In the study, ‘Vitamin D Status After Gastric Bypass or Sleeve Gastrectomy over 4 Years of Follow-up’, published in Obesity Surgery, the authors note that there is little known about the of prevalence of vitamin D insufficiency/deficiency in bariatric surgical patients in North West England and if the recommended vitamin D supplementation is adequate after surgery. As a result, they conducted a longitudinal, four-year cohort analysis of vitamin D and associated outcomes of 460 patients who underwent gastric bypass (n=292, 63.5%) or sleeve gastrectomy (n=168, 36.5%). All patients completed a minimum 12 months post-operatively and the number of patients who completed 24, 36 and 48 months post-operatively was 362, 253 and 149, respectively. They collected standard baseline demographics, as well as blood tests including total vitamin D (25-hydroxyvitamin D, 25(OH)D), phosphate, alkaline phosphatase (ALP), parathyroid hormone (PTH), albumin and total calcium.

Outcomes

Of the 460 patients, the majority were female (n=299, 65%), the mean age at time of surgery was 48.0 (+10.5) years and the baseline weight was 144.7 (+27.3) kg and BMI 50.0 (+7.6). At four years, weight loss was sustained with a non-significant (ns) rise in BMI from 35.1 (6.6) at 12 months to 37.2 (7.2) at 48 months. Regarding the procedures, the %TWL for gastric bypass vs. sleeve gastrectomy was 32.6% vs. 29.4% (p<0.001) at 12 months, 35.5% vs. 29.1% (p<0.001) at 24 months, 33.5% vs. 27.0% (p<0.006) at 36 months and 30.8% vs. 25.8% (ns) at 48 months. The authors reported that there were no consistent significant differences in weight loss between men and women or people with or without diabetes. In addition, post-operative reductions in HbA1c were similar with no significant difference between surgical or sex groups.

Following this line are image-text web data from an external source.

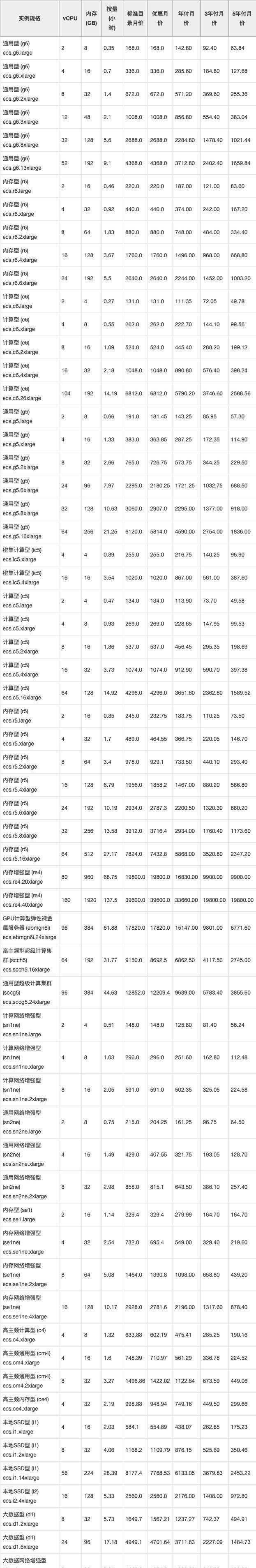 大型服务器价格预测？2023年及以后的价格表如何查看？  第3张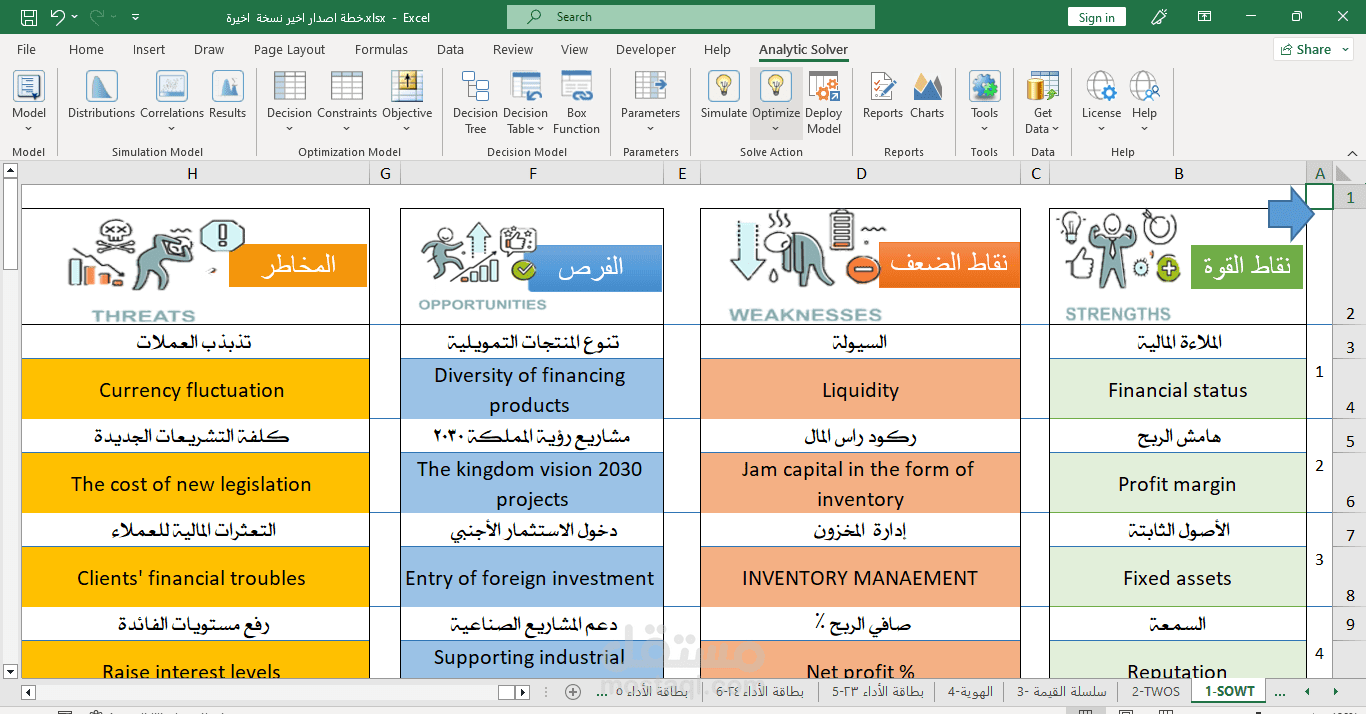 خطة إستراتيجية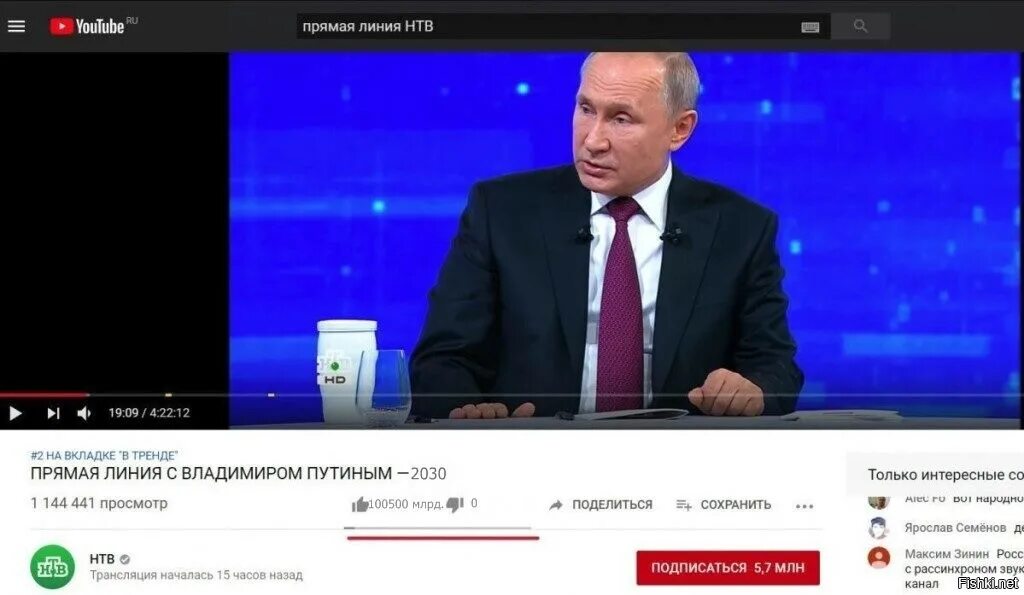 Youtube популярная политика. Прямая линия с Путиным. Прямая линия Владимира Путина. Прямая линия дизлайки.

The outcomes showed that that routine post-surgical supplementation can reduce vitamin D deficiency - the pre-operatively mean vitamin D level was 33.1 (23.9) nmol/L; post-operatively, the vitamin D level increased to 57.4 (27.4) nmol/L at four months (p<0.001) and was maintained at subsequent timepoints. There was no significant difference in vitamin D levels between the procedures throughout the period of study. Parathyroid hormone levels overall or by type of surgery did not change significantly and calcium levels reduced significantly by 12 months post-surgery and beyond compared to baseline.

The researchers noted at baseline, there was a significant inverse correlation between BMI and vitamin D level (p<0.001) and this weakened with significant weight loss at 12 months (p<0.02) and thereafter. There was also a significant positive correlation between %TWL and vitamin D level demonstrating the greater the excess weight loss the higher the vitamin D level. There was a significant positive correlation between %TWL and vitamin D at four months (p<0.034), 12 months (p<0.049) and 24 months (p<0.019) but not thereafter. Finally, they reported that there was not a significant correlation between %TWL and change in vitamin D level from baseline at any time during the study.

The authors acknowledged that the study outcomes are limited by the retrospective nature of the cohort analysis and that a major limitation was patients being lost to follow-up.

“We report that vitamin D deficiency was prevalent in bariatric surgical candidates pre-operatively and routine vitamin D supplementation can reduce rates of post-operative vitamin D deficiency in patients undergoing weight loss surgery,” the authors conclude. “However, some patients remain poorly optimised despite this. Further research could investigate risk factors for difficult-to-optimise vitamin D status as well as different supplementation methods and dose regimens.”